When Ayomide Amuda, in her 40s, rushed into Ikorodu General Hospital, her son was gasping for air. His asthma had kicked in, beyond the control of his inhalers. But her urgency to save him was met by healthcare workers who stood aloof and seemingly less concerned about her quest for prompt attention and treatment.
When they weren’t ignoring her, the nurses were shoving her around. Her son, who also doubles as her guide because she is visually impaired, lies in a corner helplessly. Since she lost her sight, Amuda had relied on other people’s sight in hospitals, at home, in the market, and everywhere.
As soon as her son came of age, he slipped into the role of his mother’s guide.
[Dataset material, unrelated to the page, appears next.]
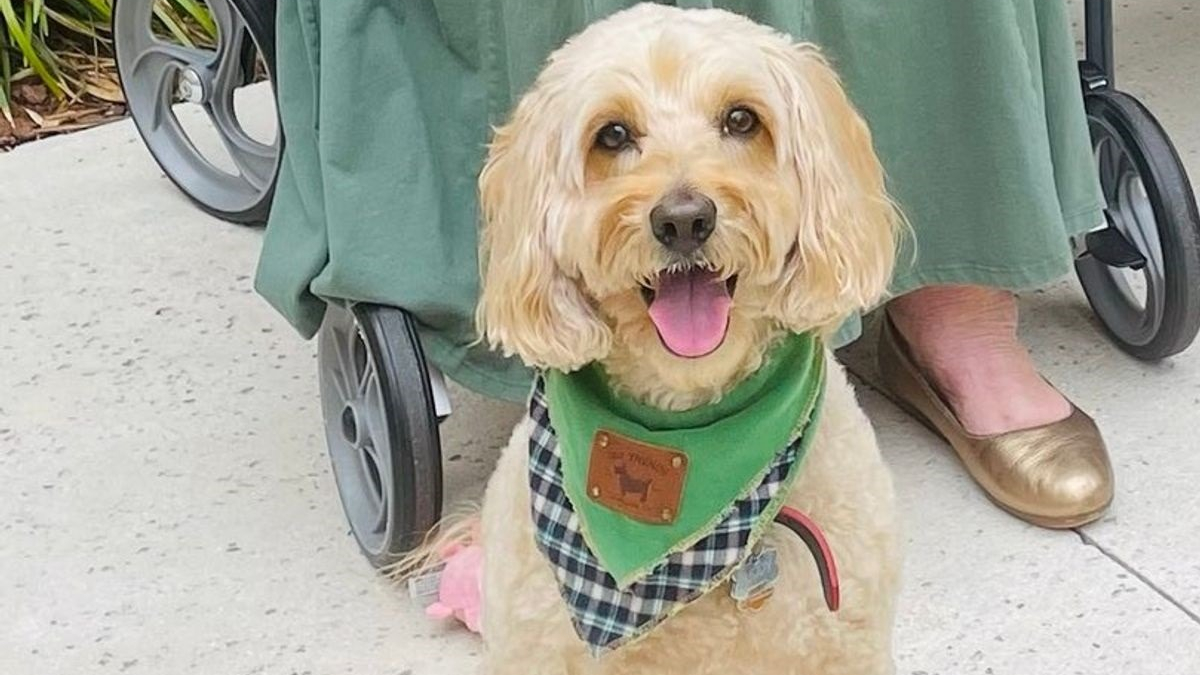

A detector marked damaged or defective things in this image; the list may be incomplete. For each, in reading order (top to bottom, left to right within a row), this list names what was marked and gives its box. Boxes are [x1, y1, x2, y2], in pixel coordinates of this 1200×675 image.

But now, the guide was ill, and no one was willing to help his mother.
She said, “Normally it is my son that assists me when I need to visit the hospital for any reason but at that time, he was sick, and he was the one that needed help and it was tough for us. It was very tough.
“We needed to be going from one place to another doing different things, making payments, doing tests, etc., and without a guide, that means it should be left in the hands of the hospital staff to do for me. Instead, they kept complaining that they don’t have my time.”
There is only so much a mum’s heart can take when her child is in danger, so Amuda cried for help, asking to be taken to the hospital’s welfare unit. The welfare staff on duty didn’t understand their duty and they turned their back on her.
Describing her experience, Amuda stated, “I asked the nurses for direction to the social welfare unit in the hospital, someone took me to the unit and by the time I got there they said they are only two on duty and none of them can leave their post to assist me.
“They blamed me for not coming to the hospital with someone that could help me and refused to leave their post to assist me. I said I thought the social welfare unit was supposed to cater to persons with disabilities and maybe the old, they replied that it wasn’t their duty to follow people like me around and that we should always come along with someone to the hospital, or not come at all if we are not with anyone to help.”
It was when her son soon fainted that the hospital workers remembered their job, she said, noting that it was then that medical personnel swarmed the boy, trying to save his life at the last minute.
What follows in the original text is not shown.